You could hear the roar.
DENNIS ODA / DODA@STARBULLETIN.COM
Moanalua's Tadd Fujikawa will tee off with Jim Furyk in the final round of the Sony Open in Hawaii today.
Tadd Fujikawa, 16, youngest to make a PGA Tour cut in 50 years, shot another 66 yesterday at the Sony Open in Hawaii, 4 under again.
The gallery was ga-ga. And again, so was he.
He was the Beatles, he was Elvis.
Not everyone wants this. Most of us couldn't take this.
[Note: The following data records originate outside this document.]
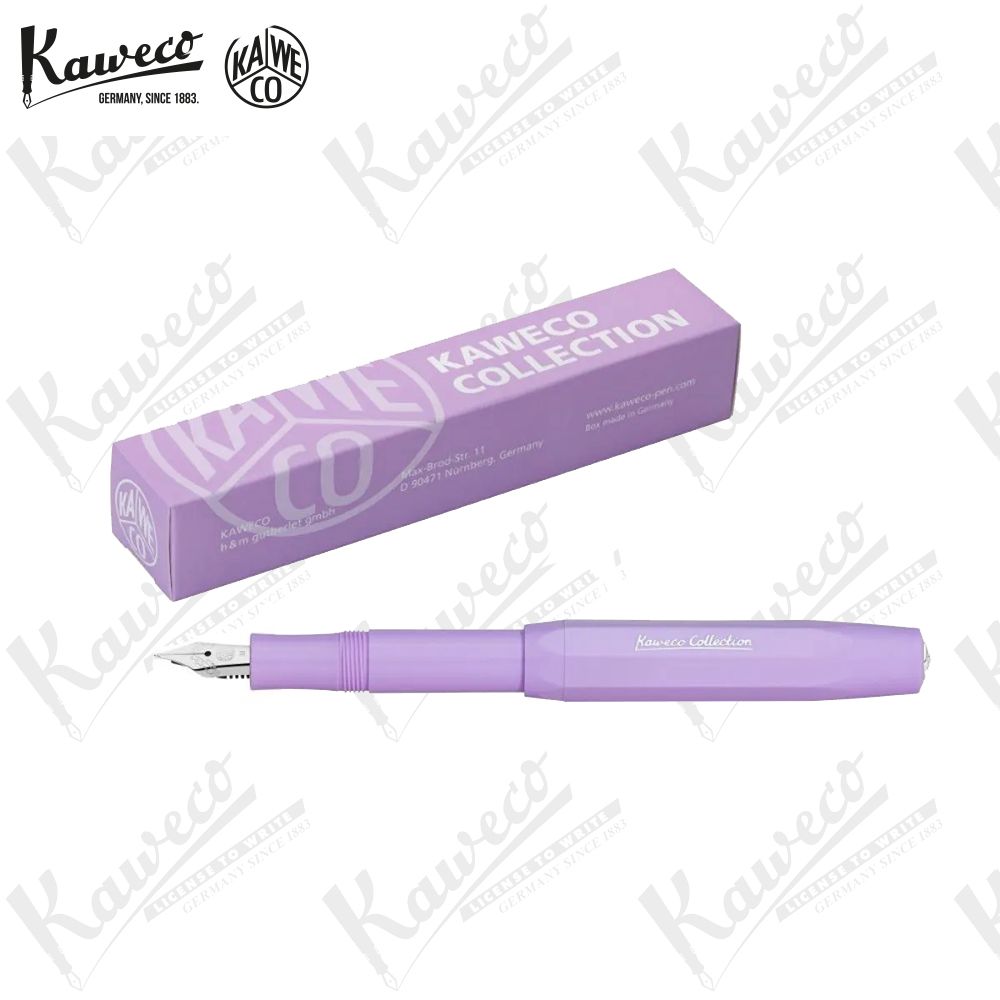 Kaweco Collection Light Lavender 紫羅蘭 鋼筆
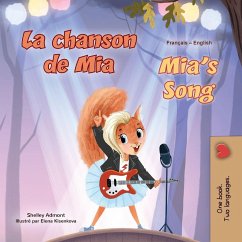 Cover Mia's Song (French English Bilingual Children's Book)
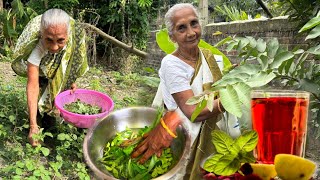 বহু বছর পুরনো দিনের টোটকা ঠাকুমা আজ তৈরি করল | স্বাস্থ্য ভালো রাখতে হলে এই টোটকা অবশ্যই করে খাবেন |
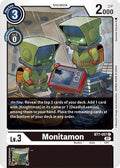 Monitamon BT7-057 C Common Next Adventure Digimon Near Mint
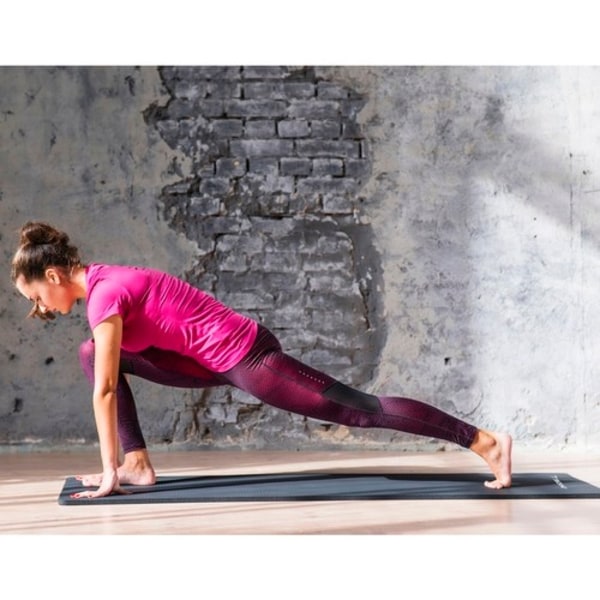 Yogamatta / Träningsmatta - Matta till Yoga - 180 x 60 cm Svart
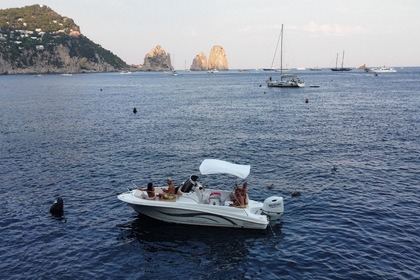 Ενοικίαση Μηχανοκίνητο σκάφος Salento marine Oceancraft 6.50 sundek Καστελαμάρε ντι Στάμπια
It would be too easy to be lost in the emotion, overwhelmed at the attention.
The cameras surrounded him. "Sorry, spacing out here ... what was the question again?" he said.
It can be suffocating, this level of sudden fame.
If you're not careful it can swallow you whole.
But the only thing that swallowed Fujikawa yesterday was his father's embrace, after, when dad told "Taddy Boy," eh, come here, he was pau being famous, for a moment. Back to family time.
And then his dad put him in a headlock of love.
No worry, this kid will stay level head.
He's a spotlight seeker yet humble, if that makes any sense. Afterward, he used "lucky" almost as often as "fun."
DENNIS ODA / DODA@STARBULLETIN.COM
Tadd Fujikawa matched his magical 66 on Friday with another one yesterday to head into the final round tied for eighth.
"Absolutely not," he said. "I'm not playing for money. This isn't my job. I'm just out here having fun, just soaking up all of the moments and just -- I'm just out here doing my best. And if it works out, great."
It's working out. He sank a ridiculous birdie putt on No. 11 ("I don't know how far that putt was," he would say). Had a great draw on 12. Hit a tree branch on 18 but then got a nice ruling, a free drop.
"So I guess Hawaii was kind of behind me on that one, kind of lucky," he said.
(You know who was lucky? Me. That ball looked like it was coming right at me. Luckily for me, 30 feet up. Unluckily for him, right into a tree.)
He could have melted, right there. The kid put himself into position for birdie, then saved par.
He's tough. He's an amateur, a kid, he should be buried by this. He's already made history, he could feel free to fade away. Instead he's still smiling, another 66. Loving this. Reveling in it. He's as tough as they come.
"You know," he said, "I'm a person who likes to know what I need to do. That's just the kind of person I am where if I have a goal, I will do anything to get there. If I have something to shoot for where, you know, I'm one back or two back of the leader and I know I need to make birdies, then I'm going to do my best to do that."
He's that kind of tough.
Making the cut was one thing. It's another to come back the next day and end it tied for eighth.
His goal is to "stay in the moment," he said.
So no, the moment won't get him. The game might -- golf gets everyone, it's that kind of game; golf may catch up to him yet. But not this moment, no. He's built for this, was born for it.
Stay in that moment, kid. Breathe it in. It's rarefied air.